» SUPPLIED DATA
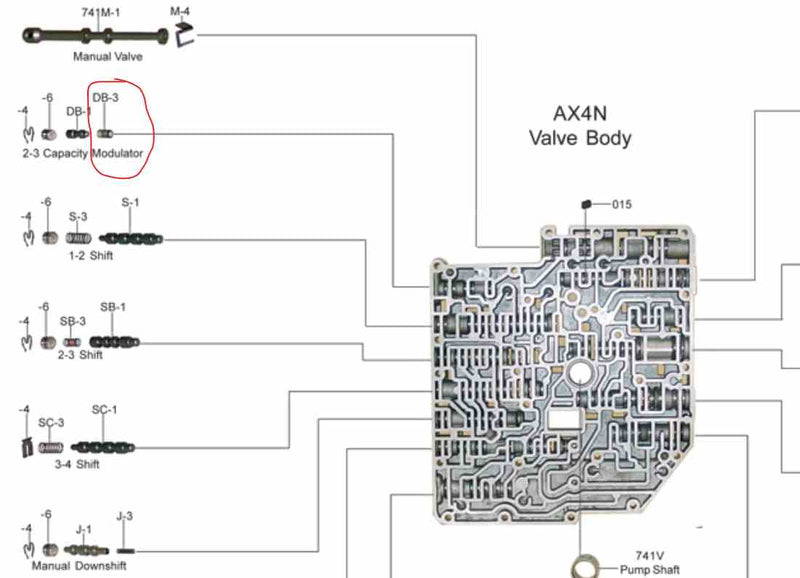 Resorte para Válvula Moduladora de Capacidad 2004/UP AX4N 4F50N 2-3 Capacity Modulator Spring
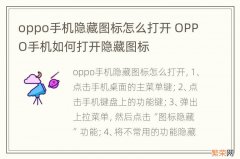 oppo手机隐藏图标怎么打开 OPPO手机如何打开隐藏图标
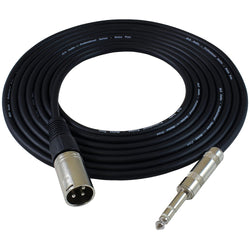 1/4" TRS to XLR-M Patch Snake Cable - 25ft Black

» EXERCISE DETAILS
Copy out the listing exactly as it stands, but not the pictures.

» PROBLEM SOLUTION
 Resorte para Válvula Moduladora de Capacidad 2004/UP AX4N 4F50N 2-3 Capacity Modulator Spring
 oppo手机隐藏图标怎么打开 OPPO手机如何打开隐藏图标
 1/4" TRS to XLR-M Patch Snake Cable - 25ft Black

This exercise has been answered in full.